Earlier this year, one of the managers at South Lake Union’s Citrus nightclub applied to take over the Fusion Ultra Lounge (where he is also a manager) in the University district. In response, the city sent two letters (PDFs) to the Washington State Liquor Control Board (WSLCB) objecting to the man’s request for a new liquor license at the location near 8th Avenue NE and NE 45th Street, detailing violence at Fusion, and citing the club as a “dangerous venue.”
“As patrons leave [Fusion], assaults, thefts, and shootings have become common in the street and parking lot,” North Precinct Community Police Team Officer Loren Street wrote to the liquor board. “Currently, there is no other club in the North Precinct that demands the resources of the police department like Fusion.”
In addition to taking noise complaints, calls for crowd control, and reports of damage to vehicles near Fusion, police have also been called to deal with a number of other violent and troubling incidents in and around the club:
In July, a fight involving 30 people spilled out of the club into a parking lot. One man was dragged into a nearby garage and beaten unconscious. He also sustained several facial fractures in the attack. Despite the fact that the brawl started inside the club, Fusion security staff members were not able to provide police with much useful information about the incident.
In December, an extremely intoxicated patron stood outside of the club taunting security staff after he was ejected.
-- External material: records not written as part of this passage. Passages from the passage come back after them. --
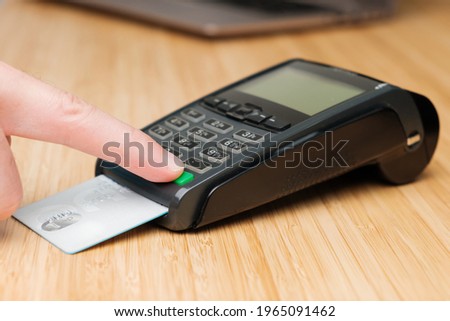 Man hand enters pin code on the terminal for payment.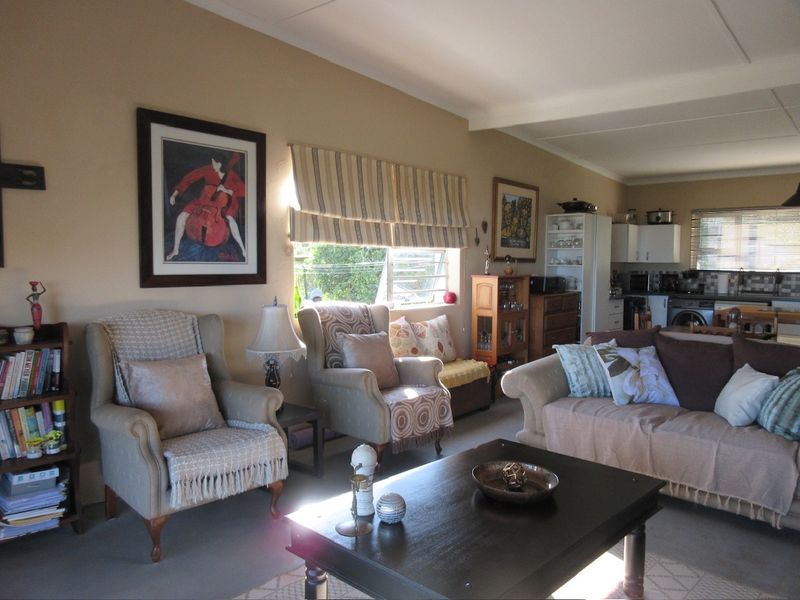 Open plan living area featuring a combined lounge space and a functional kitchen with built-in cabinetry and tiled backsplash.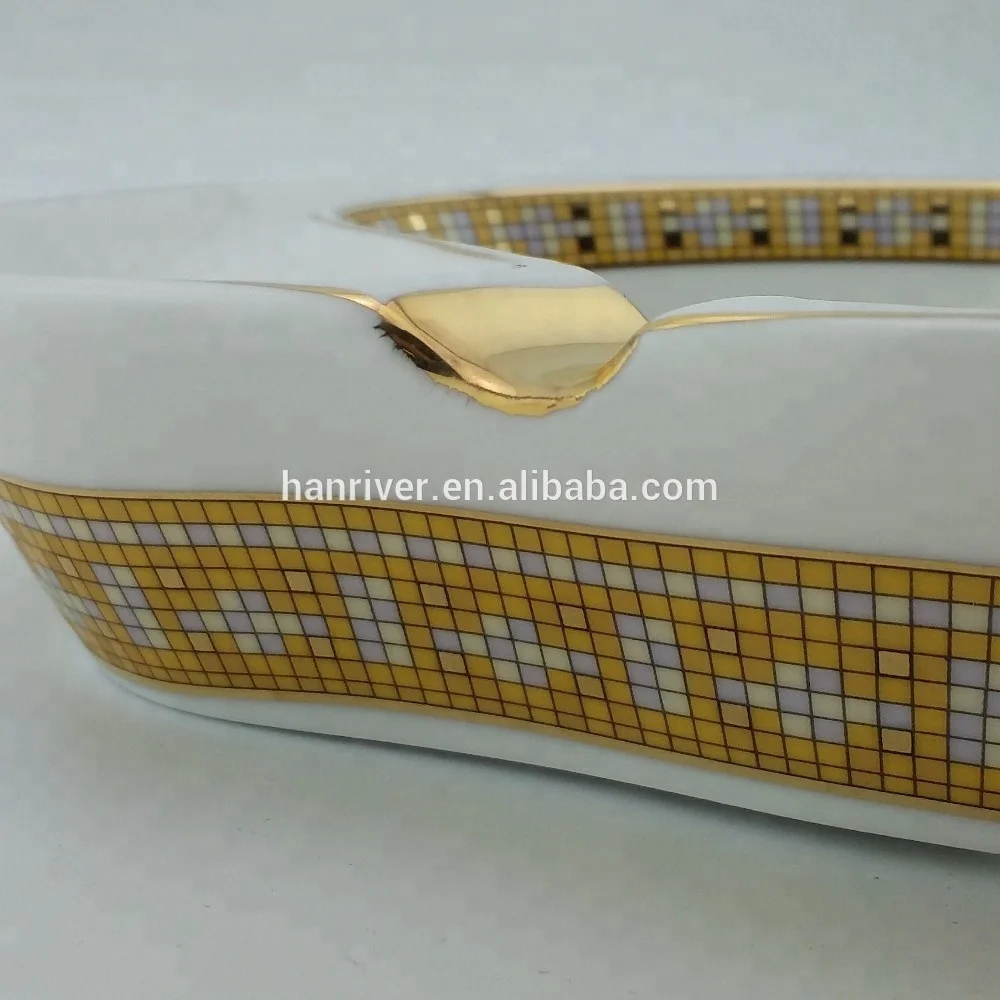 
Best selling oval ceramic ashtray with golden edge with two golden rest with customized logo for sale 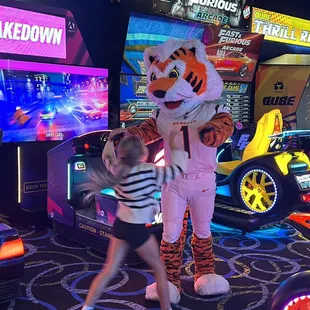 a tiger mascot and two children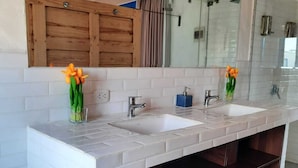 A modern bathroom with two sinks, a wooden vanity, and a large mirror.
He then punched and spat blood on another patron walking out of the club.
A month later, someone fired off a gun in a parking lot next to Fusion, striking a vehicle. When police returned to the club to talk to employees about the shooting, they’d locked up and gone home.
Then in February, police responded to a fight involving 50 people, which spilled out of the club onto the street. Later in the month, several men left Fusion and got into a fight at a gas station. During the fight, one suspect used a baseball bat to shatter a car windshield, leaving a victim with shards of broken glass in his eye.
In addition to noting those nasty incidents in its letter to the WSLCB, the City also noted that the man trying to take over Fusion has a history of involvement with other troubled clubs. In addition to managing Fusion and Citrus—which the City declared a Chronic Public Nuisance following a streak of shootings, melees, robberies and other violent crimes—and previously owned Georgetown’s El Reventon nightclub, until he sold the business for $1 just weeks before the City declared that club a Chronic Nuisance for having its own set of ongoing issues, including brawls, gang conflicts, and sexual assault.
The WSLCB is now reviewing the city’s objection letters.
“We’re working hard to keep the city safe,” says City Attorney’s Office North Precinct Liaison Jana Jorgensen. “Fusion has been a consistent drain on North Precinct police resources. In addition to our objection to the liquor license application, we will continue to monitor Fusion and could pursue that declaration of chronic nuisance in the future.”